Surrender. What a “losing” kind of word. White flags. Giving up. Captive in enemy territory.
Someone told me this week that I wasn’t very good at surrendering. I scoffed. “You’ve obviously never seen me play Monopoly…or try to win an argument with my wife…or endeavor to lose 20 pounds. I am nothing if not a surrender-er.” And so I’ve been stewing over this all week. You know, the deep kind of meditating that makes you so mad sometimes you have to push it back for a little while. You know, the kind of contemplation that keeps you up when normal people are sleeping. You know, the kind of inner-evaluation that makes you write something down for the entire world to read. Is surrendering quitting? Is it losing? Is it giving up? Quitting? Who wants to be a quitter? I mean, don’t we tell our kids something like winners never quit and quitters never win? Did your parents ever make you stay in piano lessons or on the soccer team because “you’re not going to be a quitter”? I’m not quite sure if quitting is the right word. Quitting is just walking away. I’m done. That’s all she wrote. The fat lady has sung. I don’t think surrender means quitting. Losing, then? Wait a minute, no! I’ve walked away from plenty of Monopoly games where I wasn’t losing. (I was just bored because that game takes so dang long!) And I’ve lost plenty of battles where surrender would definitely NOT happen. I will never forget the day my grandmother made me eat sauerkraut (she was German—she wanted me to be culturally relevant!). I lost that battle, even though I didn’t surrender. I didn’t give up. But somehow my grandmother got that nasty stuff into my mouth despite my vehement opposition. (She regretted that about 5 seconds later when I threw up all over her kitchen table!) I didn’t surrender, but I did lose. So I don’t think surrender is losing. Giving up? Ahhh, there it is. Surrender is giving over control—giving up—giving in—submitting. And we view this as a bad thing. We surrender to the enemy. We surrender in battle. We surrender our driver’s licenses when we’re pulled over by the police. We learn early on that surrendering is bad—and though losing and quitting don’t quite get it right, they are definitely part of our cultural definition of surrendering.
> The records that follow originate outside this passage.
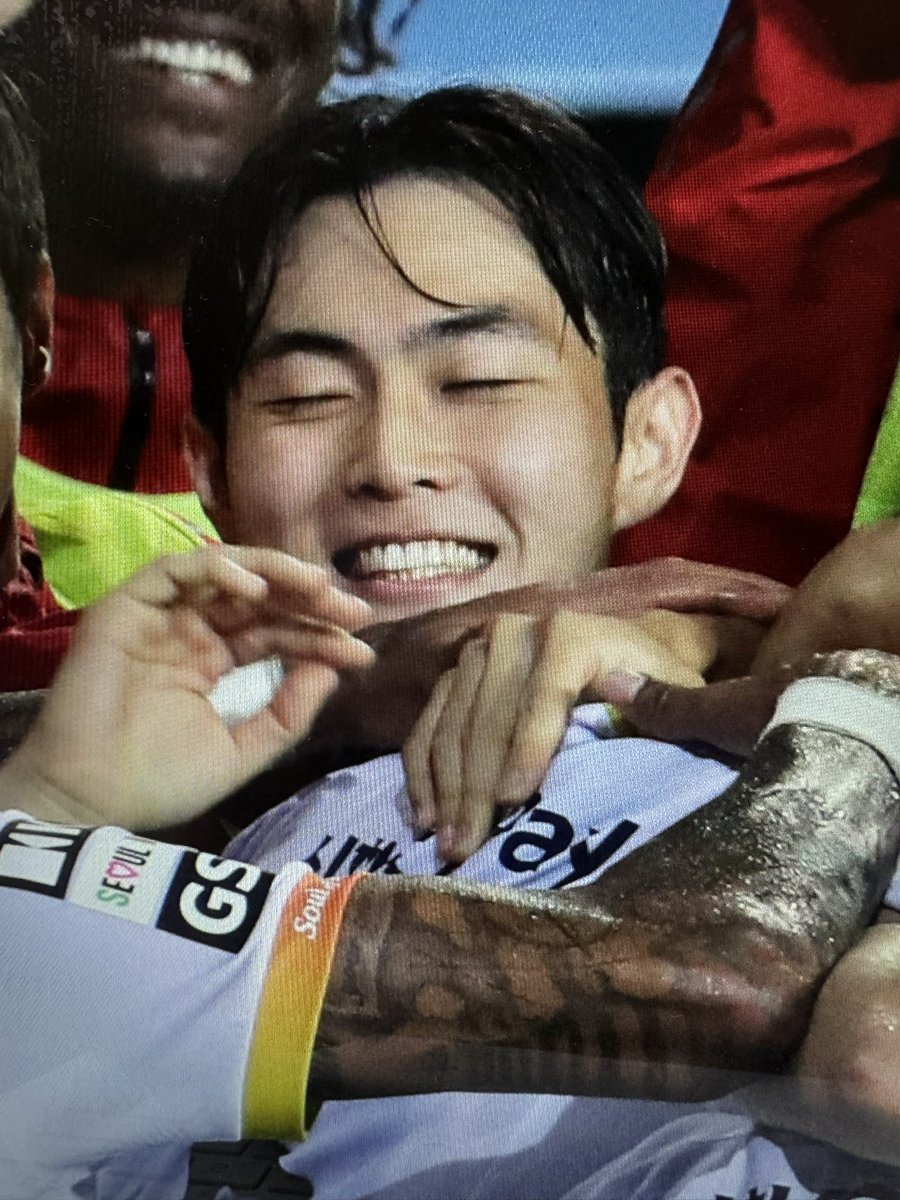 강성진 하... 왜 눈 감은 것도 귀엽냐...!!!!
우리 강아지때문에 할미 잇몸이 마르고 광대가 내려오질 않는다구...!!!

#강성진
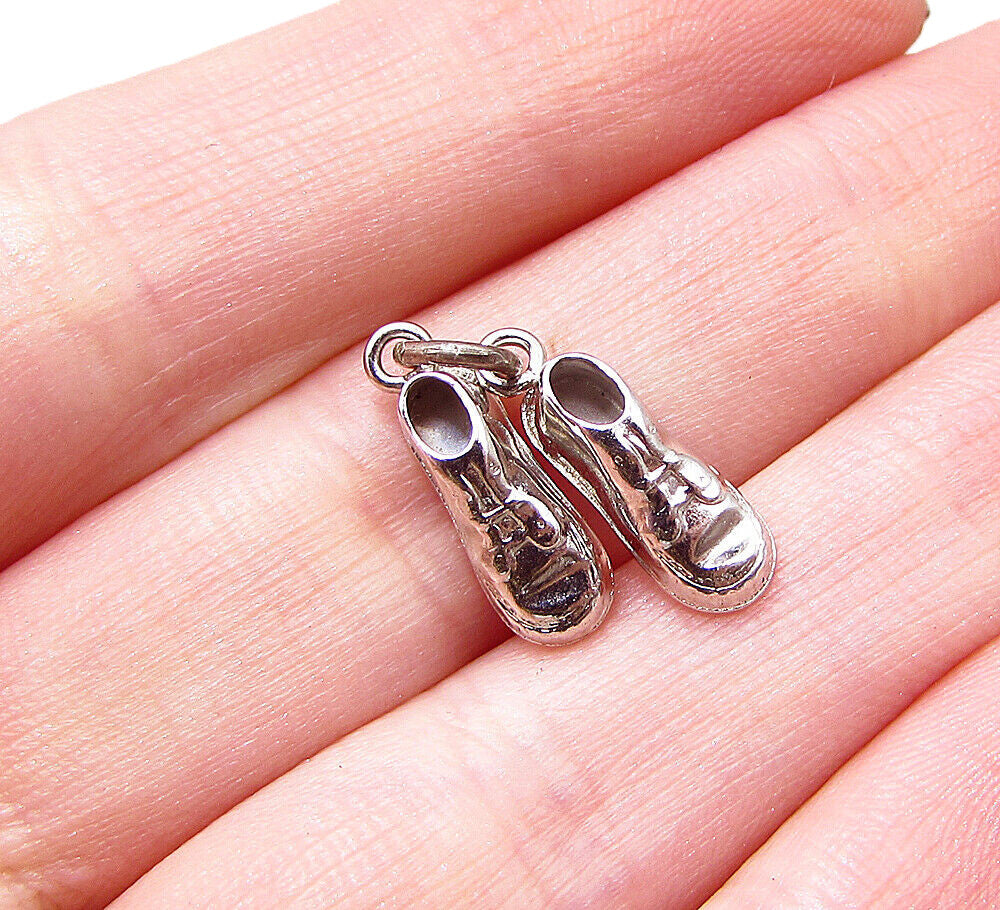 925 Sterling Silver  Vintage Pair Of Shoes Charm Pendant  PT1748
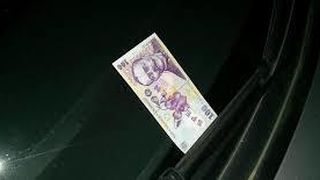 Ai gasit o bancnota de 100 de lei pe parbrizul masinii? Nu te lasa pacalit! E ultima tehnica folosita de hoti
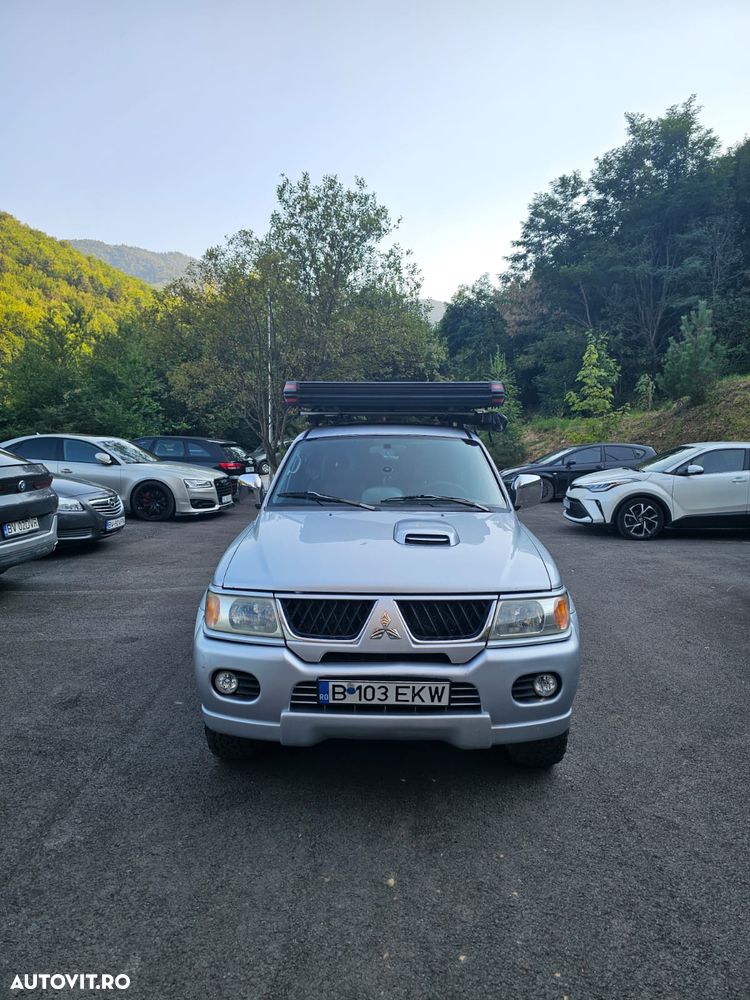 Mitsubishi Pajero Sport 2.5 TD Intense Piele + - 6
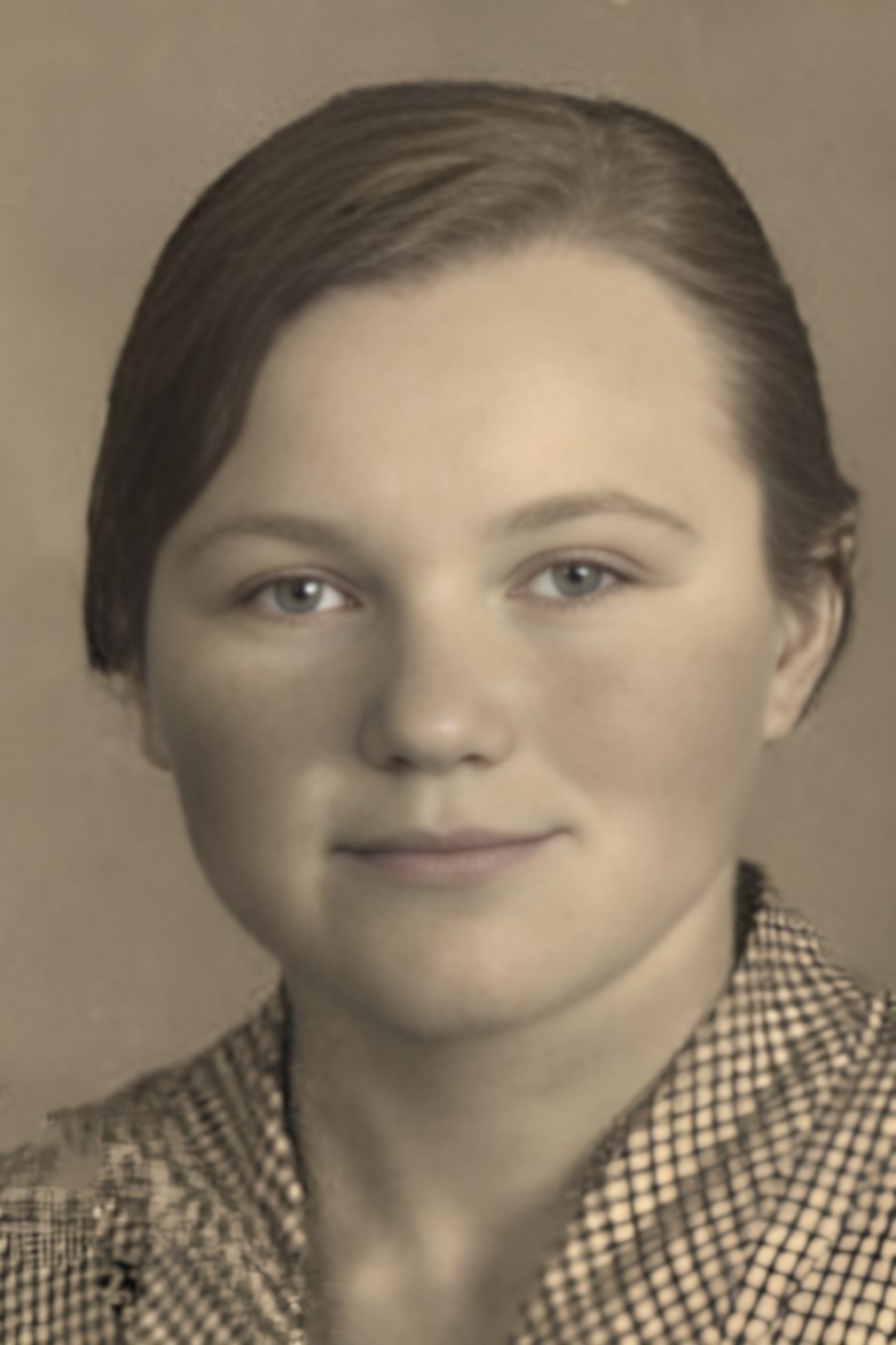 Die 16-jährige Lidia Zambo (verh. Fülöp, *1920/+1995) - Portrait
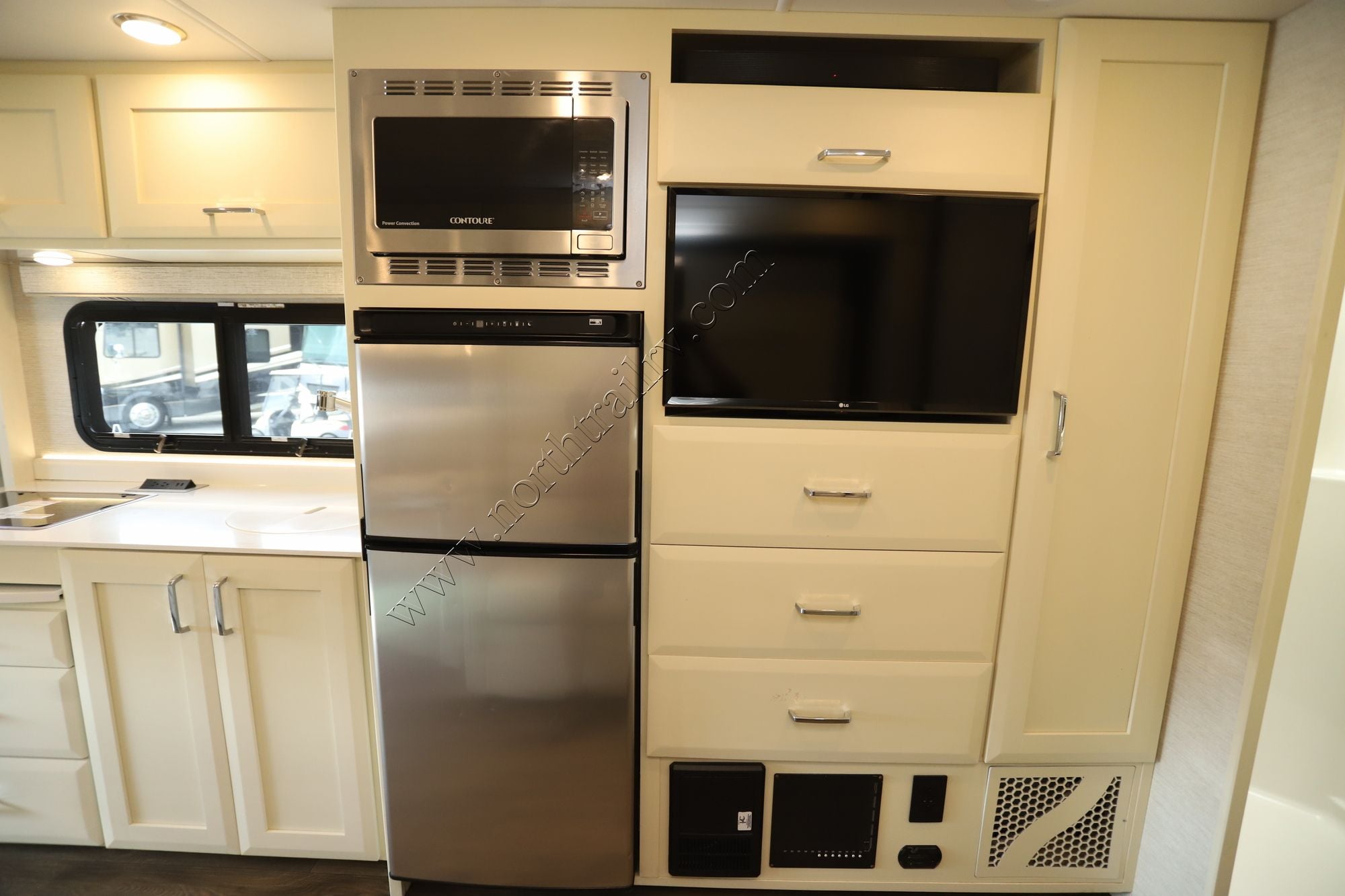 Used 2022 Tiffin Motor Homes Wayfarer 25RW Class C  For Sale
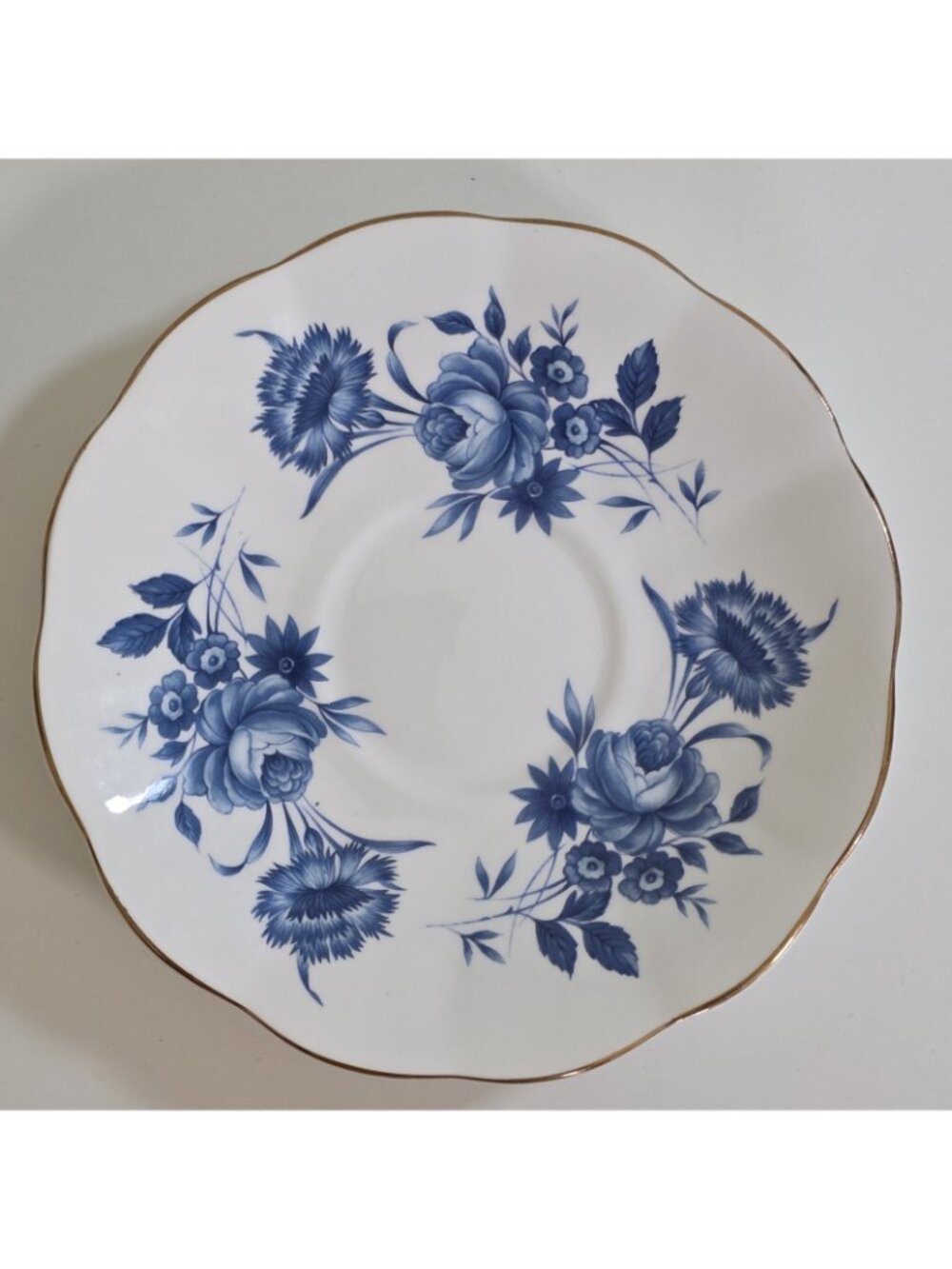 Vintage Sandringham English Bone China Teacup & Saucer Set Blue Roses Gold Trim - Picture 9 of 14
No wonder we can be so resistant to surrendering to Jesus. I know he’s not my enemy—that he is always for me, not against me. But culturally, surrendering feels like I’m totally giving up my control…mainly it feels that way because…I am—I have to. Any control I have over my own life, my own future is really just an illusion. The reality is I have no control. I have no control over things yet unseen. I have no control to change my past. I have no control over Him.